Three months into the U.S. intervention and with lawmakers nearing a winter recess, Democrats on the Senate Foreign Relations Committee sought to push through a measure defining how President Barack Obama can use military force in Iraq and Syria. But Republicans who are generally supportive of the war rebelled, objecting to blessing a military campaign through an amendment to an unrelated water bill.
The 18-member panel's meeting ended with Sen. Bob Menendez, the outgoing Democratic chairman, pulling the amendment and promising a hearing next week to update the president's current legal justification for fighting: authorizations in 2001 to fight al-Qaida and a year later to invade Iraq. Menendez spoke of a vote Wednesday.
Menendez's retreat came after his amendment prompted Sen. Bob Corker, the committee's senior Republican and incoming chairman, to try to pull his own bill promoting clean drinking water worldwide. The spirited and often confusing discussions included Corker at times defending the administration and at others pounding the table with his hand and threatening to subpoena officials.
Even if the authorization eventually advances, it has little chance of the full Senate addressing it this year. Republicans said it would be ignored by the GOP-controlled House and the Senate next year when they gain control.

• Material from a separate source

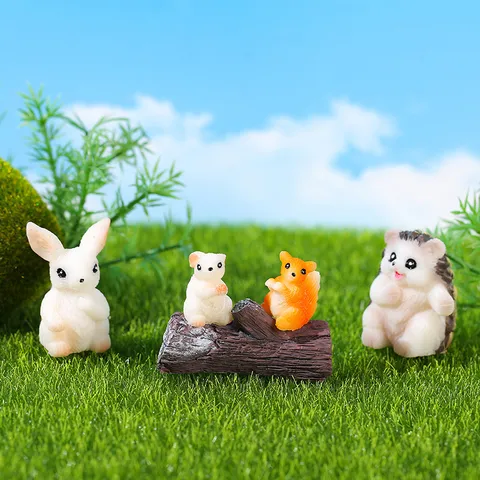 Ornements en Résine Micro Paysage Mignon Hérisson Lapin Blanc Écureuil Figurines d'Animaux Jardin Décoration de Maison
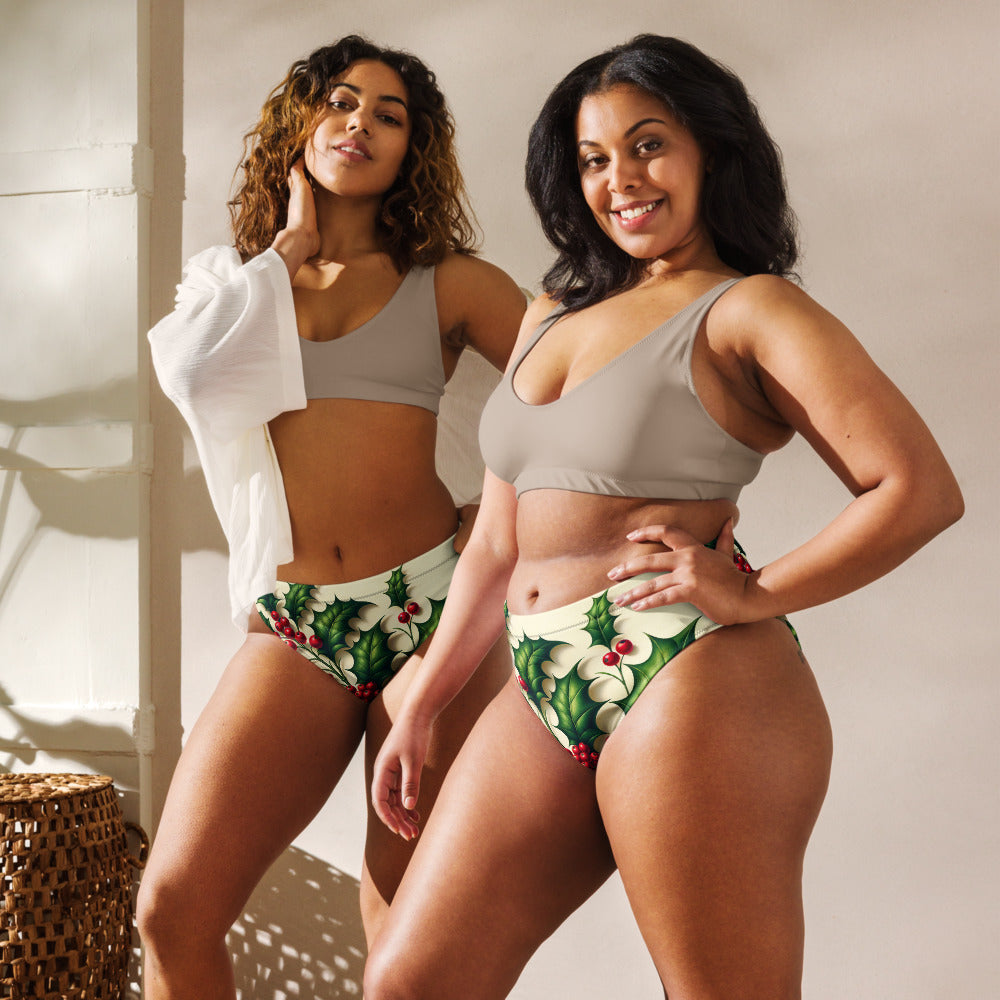 Whimsical Winter Wear High-Waisted Bikini Bottom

And it's unclear what the entire months-long debate in Congress is having on Obama, who has said he would welcome a new authorization even though he insists he already has the necessary legal authority. Many lawmakers disagree, but few in either party seek to stop the president with about 3,000 U.S. troops in Iraq and hundreds of airstrikes already undertaken.
Republicans on the panel said Obama must first ask for authorization before Congress acts, a message echoed Thursday by House Speaker John Boehner. He said the strategy must include reversing the Islamic State's ground momentum. Senators also questioned the wisdom of authorizing a potentially decade-long fight without reviewing the authorization and barely any debate.
Sen. Marco Rubio, R-Fla., and Sen. John McCain, R-Ariz., criticized Democrats for focusing on limiting Obama's ability to wage that war but not on empowering him to win it.